The 5 men held are from Kazakhstan and Belarus, even if the weapons are from North Korea, so I thought this deserved a seperate thread from the North Korea superthread.



> http://ca.news.yahoo.com/s/afp/091212/world/thailand_nkorea_belarus_kazakhstan_airport_weapons_crime
> 
> BANGKOK (AFP) - *Thailand Saturday detained five men after they made an emergency landing in Bangkok with a cargo plane from North Korea full of heavy weapons, ministers and officials said. The crew requested to land for refuelling at Don Mueang airport, where inspectors discovered a haul of weaponry including firearms and missiles, said deputy prime minister Suthep Thaungsuban. "They declared that the goods on board the flight were oil drilling equipment but when we examined we found it was all weaponry," Suthep, who is also in charge of national security, told reporters.
> Police said four of the men are from Kazakhstan and one is from Belarus.
> ...


----------



## vonGarvin (12 Dec 2009)

I missed it: where were they heading before they declared the emergency?


*EDIT:*
Did a quick search on news.google.  


> The flight schedule says the plane was headed for Colombo, Sri Lanka.

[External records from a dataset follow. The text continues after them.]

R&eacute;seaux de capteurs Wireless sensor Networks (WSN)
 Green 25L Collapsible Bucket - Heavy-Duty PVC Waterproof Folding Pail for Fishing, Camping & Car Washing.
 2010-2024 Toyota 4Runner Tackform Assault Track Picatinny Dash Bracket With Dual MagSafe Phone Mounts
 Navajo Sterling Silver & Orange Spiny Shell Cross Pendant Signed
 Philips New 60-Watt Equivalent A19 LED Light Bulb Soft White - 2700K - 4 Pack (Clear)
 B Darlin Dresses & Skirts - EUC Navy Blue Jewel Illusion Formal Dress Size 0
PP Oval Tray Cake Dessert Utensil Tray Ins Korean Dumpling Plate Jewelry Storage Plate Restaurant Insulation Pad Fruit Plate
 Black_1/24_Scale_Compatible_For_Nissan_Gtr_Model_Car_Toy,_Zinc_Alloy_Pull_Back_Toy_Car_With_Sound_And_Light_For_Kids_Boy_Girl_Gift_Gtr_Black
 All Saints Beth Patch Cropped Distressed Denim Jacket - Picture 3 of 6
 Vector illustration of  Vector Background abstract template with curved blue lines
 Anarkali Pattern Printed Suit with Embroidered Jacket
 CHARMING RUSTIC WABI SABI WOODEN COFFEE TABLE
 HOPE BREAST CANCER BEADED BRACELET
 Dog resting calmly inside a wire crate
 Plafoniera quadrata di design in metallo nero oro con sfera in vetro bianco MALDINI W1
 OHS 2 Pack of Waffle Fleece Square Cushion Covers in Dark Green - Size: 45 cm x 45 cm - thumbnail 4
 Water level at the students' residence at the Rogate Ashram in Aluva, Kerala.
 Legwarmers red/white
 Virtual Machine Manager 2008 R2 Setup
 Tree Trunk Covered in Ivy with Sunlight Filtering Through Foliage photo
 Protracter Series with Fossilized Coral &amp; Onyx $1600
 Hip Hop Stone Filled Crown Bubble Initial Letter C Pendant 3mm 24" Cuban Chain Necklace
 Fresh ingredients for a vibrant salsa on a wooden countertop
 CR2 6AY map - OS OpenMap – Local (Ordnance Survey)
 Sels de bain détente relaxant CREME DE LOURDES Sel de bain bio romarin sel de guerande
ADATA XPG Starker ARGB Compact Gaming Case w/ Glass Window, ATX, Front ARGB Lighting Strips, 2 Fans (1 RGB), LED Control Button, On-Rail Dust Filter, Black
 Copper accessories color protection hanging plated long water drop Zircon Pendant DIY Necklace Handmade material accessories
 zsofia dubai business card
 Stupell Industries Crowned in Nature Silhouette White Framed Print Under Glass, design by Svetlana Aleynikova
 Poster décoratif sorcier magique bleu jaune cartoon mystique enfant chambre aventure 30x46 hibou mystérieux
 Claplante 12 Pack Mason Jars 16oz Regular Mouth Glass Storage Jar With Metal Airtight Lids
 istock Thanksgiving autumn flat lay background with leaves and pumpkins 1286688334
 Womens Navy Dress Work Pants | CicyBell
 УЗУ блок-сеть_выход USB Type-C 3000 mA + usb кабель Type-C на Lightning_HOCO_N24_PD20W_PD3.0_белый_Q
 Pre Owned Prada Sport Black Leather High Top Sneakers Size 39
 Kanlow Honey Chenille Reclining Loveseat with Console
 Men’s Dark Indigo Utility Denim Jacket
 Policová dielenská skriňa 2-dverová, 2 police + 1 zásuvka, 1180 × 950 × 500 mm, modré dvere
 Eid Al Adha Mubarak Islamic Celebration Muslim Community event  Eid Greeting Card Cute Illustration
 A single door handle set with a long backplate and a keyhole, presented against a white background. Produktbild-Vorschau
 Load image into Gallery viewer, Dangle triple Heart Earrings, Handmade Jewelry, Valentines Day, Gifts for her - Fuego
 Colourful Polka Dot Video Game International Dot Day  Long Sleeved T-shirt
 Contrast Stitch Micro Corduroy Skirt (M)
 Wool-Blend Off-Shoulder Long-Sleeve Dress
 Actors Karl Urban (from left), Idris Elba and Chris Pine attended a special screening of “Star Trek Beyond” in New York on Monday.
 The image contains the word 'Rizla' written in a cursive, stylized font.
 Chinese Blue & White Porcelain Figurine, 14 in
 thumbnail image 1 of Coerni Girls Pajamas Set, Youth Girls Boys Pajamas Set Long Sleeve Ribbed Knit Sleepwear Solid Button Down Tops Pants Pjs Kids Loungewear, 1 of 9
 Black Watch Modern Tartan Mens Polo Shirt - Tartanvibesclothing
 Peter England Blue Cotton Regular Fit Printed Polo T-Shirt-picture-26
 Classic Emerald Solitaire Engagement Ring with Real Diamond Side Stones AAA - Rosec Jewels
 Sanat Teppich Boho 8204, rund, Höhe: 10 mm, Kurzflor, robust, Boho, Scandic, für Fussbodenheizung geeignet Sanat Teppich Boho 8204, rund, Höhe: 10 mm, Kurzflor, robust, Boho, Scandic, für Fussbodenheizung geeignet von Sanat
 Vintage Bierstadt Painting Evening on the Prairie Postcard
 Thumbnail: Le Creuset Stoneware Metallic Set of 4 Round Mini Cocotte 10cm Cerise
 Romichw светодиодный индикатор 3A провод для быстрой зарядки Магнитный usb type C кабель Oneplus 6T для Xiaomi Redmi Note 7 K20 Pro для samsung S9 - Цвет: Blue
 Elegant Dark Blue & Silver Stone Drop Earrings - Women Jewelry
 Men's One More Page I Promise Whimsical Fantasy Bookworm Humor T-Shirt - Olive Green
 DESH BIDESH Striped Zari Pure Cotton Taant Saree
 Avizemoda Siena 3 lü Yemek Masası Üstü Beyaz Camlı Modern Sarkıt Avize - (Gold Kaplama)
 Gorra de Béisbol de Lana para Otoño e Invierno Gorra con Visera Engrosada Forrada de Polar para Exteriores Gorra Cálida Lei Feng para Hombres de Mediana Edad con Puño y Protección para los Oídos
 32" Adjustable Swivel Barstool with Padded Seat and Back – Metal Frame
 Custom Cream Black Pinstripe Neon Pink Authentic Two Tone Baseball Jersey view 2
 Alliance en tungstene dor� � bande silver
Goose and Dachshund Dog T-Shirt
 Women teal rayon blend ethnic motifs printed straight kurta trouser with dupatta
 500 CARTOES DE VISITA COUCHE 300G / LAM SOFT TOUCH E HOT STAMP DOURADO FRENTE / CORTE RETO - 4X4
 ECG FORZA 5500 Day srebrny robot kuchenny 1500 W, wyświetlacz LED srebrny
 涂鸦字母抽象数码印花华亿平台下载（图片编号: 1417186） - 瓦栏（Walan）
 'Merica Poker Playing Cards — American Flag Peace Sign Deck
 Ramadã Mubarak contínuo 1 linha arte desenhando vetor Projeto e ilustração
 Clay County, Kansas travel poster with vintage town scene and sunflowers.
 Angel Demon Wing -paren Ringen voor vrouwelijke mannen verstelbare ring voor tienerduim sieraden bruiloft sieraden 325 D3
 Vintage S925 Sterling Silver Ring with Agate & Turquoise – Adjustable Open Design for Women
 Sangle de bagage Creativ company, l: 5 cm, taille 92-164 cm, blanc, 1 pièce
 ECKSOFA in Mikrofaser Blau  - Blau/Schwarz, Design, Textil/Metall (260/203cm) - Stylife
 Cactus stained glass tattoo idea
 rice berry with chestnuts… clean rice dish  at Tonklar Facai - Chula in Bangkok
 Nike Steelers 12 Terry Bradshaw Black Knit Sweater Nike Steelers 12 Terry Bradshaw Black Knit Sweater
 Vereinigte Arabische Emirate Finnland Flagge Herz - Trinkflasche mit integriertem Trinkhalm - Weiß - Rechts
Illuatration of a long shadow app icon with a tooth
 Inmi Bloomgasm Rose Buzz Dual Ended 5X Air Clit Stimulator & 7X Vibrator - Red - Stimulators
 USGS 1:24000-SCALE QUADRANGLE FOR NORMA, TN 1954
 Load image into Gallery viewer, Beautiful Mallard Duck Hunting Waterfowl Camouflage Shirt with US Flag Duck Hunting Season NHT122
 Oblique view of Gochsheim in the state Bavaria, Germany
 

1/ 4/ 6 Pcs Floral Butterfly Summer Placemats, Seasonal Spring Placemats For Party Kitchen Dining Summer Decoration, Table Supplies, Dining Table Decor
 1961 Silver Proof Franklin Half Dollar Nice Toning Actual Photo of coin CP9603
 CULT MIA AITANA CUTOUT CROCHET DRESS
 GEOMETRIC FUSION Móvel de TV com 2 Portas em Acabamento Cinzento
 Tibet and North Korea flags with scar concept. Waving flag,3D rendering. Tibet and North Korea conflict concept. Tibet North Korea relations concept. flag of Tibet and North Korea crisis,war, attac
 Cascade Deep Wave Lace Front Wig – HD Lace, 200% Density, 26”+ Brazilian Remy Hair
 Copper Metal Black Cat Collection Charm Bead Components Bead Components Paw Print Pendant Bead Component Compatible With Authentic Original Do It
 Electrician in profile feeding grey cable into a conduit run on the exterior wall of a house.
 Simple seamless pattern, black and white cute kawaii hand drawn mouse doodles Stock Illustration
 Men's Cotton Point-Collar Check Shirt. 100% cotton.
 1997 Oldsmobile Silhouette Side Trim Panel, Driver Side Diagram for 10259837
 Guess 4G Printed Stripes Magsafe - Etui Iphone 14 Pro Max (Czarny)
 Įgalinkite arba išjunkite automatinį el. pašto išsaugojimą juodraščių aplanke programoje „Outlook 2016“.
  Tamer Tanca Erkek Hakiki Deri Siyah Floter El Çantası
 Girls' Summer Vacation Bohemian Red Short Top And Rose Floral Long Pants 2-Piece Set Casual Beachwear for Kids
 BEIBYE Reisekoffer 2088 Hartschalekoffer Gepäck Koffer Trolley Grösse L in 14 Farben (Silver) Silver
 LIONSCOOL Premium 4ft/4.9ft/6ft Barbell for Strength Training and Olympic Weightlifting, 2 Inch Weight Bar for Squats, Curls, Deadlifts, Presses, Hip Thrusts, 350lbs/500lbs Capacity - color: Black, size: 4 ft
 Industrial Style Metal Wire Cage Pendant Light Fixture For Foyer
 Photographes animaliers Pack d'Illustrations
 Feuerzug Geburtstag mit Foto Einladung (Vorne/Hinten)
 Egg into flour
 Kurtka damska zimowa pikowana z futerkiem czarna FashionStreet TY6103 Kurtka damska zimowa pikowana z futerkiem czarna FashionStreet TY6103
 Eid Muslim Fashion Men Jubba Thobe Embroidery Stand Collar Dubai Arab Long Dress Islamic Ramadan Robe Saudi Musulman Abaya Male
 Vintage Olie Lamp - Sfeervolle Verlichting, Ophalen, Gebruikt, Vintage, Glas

Security authorities suspect the weapons could be destined for Sri Lanka or the Middle East.


From here


----------



## CougarKing (23 Dec 2009)

Technoviking said:
			
		

> I missed it: where were they heading before they declared the emergency?
> 
> 
> *EDIT:*
> Did a quick search on news.google.  From here



More information with this update about the plane's Sri Lanka destination:



http://www.wtopnews.com/?nid=105&sid=1847576



> *Weapons-carrying cargo plane headed for Sri Lanka *
> December 23, 2009 - 11:05am
> 
> By DENIS D. GRAY
> ...


[


----------



## CougarKing (20 Jan 2010)

An update:

Associated Press report link



> SHYMKENT, Kazakhstan – *The trail of the plane busted in Thailand last month for allegedly smuggling North Korean weapons to Iran leads back to a small air freight company housed near an old Soviet airfield on the edge of the Kazakh steppe.*
> The aging Russian plane's odyssey took it through a web of companies, financiers and air cargo carriers with addresses stretching from New York through the Persian Gulf to New Zealand, an Associated Press investigation has found.
> 
> The persistence of carriers willing to ship anything anywhere for a price — even to countries under international sanctions like Iran and North Korea — has frustrated global efforts to stem the flow of illegal arms.
> ...


----------



## CougarKing (11 Feb 2010)

Thailand now will deport the crew of the said plane.

Associated Press link



> BANGKOK – *Thai authorities dropped charges Thursday against a foreign plane crew accused of smuggling arms from North Korea, easing a diplomatic jam but leaving open the vexing question of where the multimillion dollar illicit arms shipment was headed.
> 
> The five-member crew from Kazakhstan and Belarus was arrested Dec. 12 when the Ilyushin Il-76 cargo plane they were flying from the North Korean capital Pyongyang landed in Bangkok.* Thai authorities, acting on a tip from the United States, found 35 tons of weapons on board — a violation of U.N. sanctions against North Korea.
> 
> ...


----------